SUARBERITA.COM - Makan Bergizi Gratis (MBG) termasuk program prioritas Presiden Prabowo Subianto yang menuai kontroversi karena masih terdapat masalah dalam pelaksanaannya. Ketua Dewan Ekonomi Nasional (DEN), Luhut Binsar Pandjaitan turut menanggapi soal program MBG.
Dilansir dari Jawa Pos, Luhut dalam keterangan pers pada Kamis (25/6) mengatakan, “Jadi, masalah kita adalah ide-ide besar Presiden Prabowo tidak kita siapkan perencanaannya yang matang.

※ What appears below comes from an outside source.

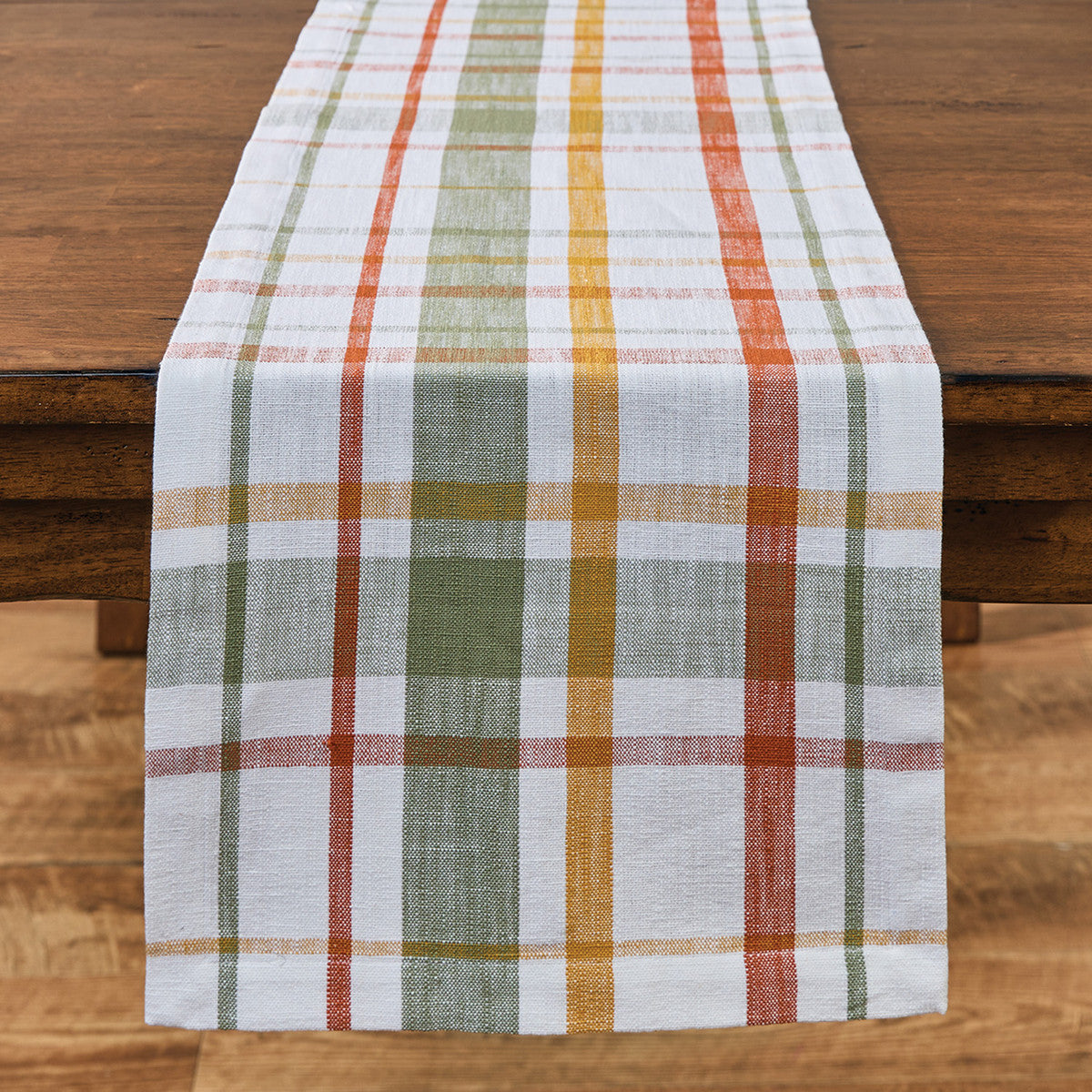 SHADES OF FALL TABLE RUNNER 15X72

Itu salah kita semua, seperti program MBG harus kita siapkan dengan maksimal.”
Lebih lanjut, Luhut menjelaskan bahwa konflik tidak akan terjadi jika program MBG dipersiapkan dengan matang dan maksimal. Menurut Luhut, masalah dalam pelaksanaan program MBG menjadi tanggung jawab bersama khususnya pemerintah dan pihak yang terlibat.
Sementara itu, DEN telah melakukan rapat dengan Badan Gizi Nasional (BGN) untuk melakukan perbaikan program MBG. Pemerintah dalam hal ini berkomitmen memperbaiki tata kelola program MBG dengan mengevaluasi kekurangan dan masalah yang terjadi sebelumnya.
Meskipun pelaksanaan program MBG masih terdapat kekurangan, pemerintah menegaskan bahwa ada capaian baik dan positif dari program MBG yang dapat diapresiasi. Pemerintah juga berharap pelaksanaan program MBG pada waktu mendatang bisa maksimal.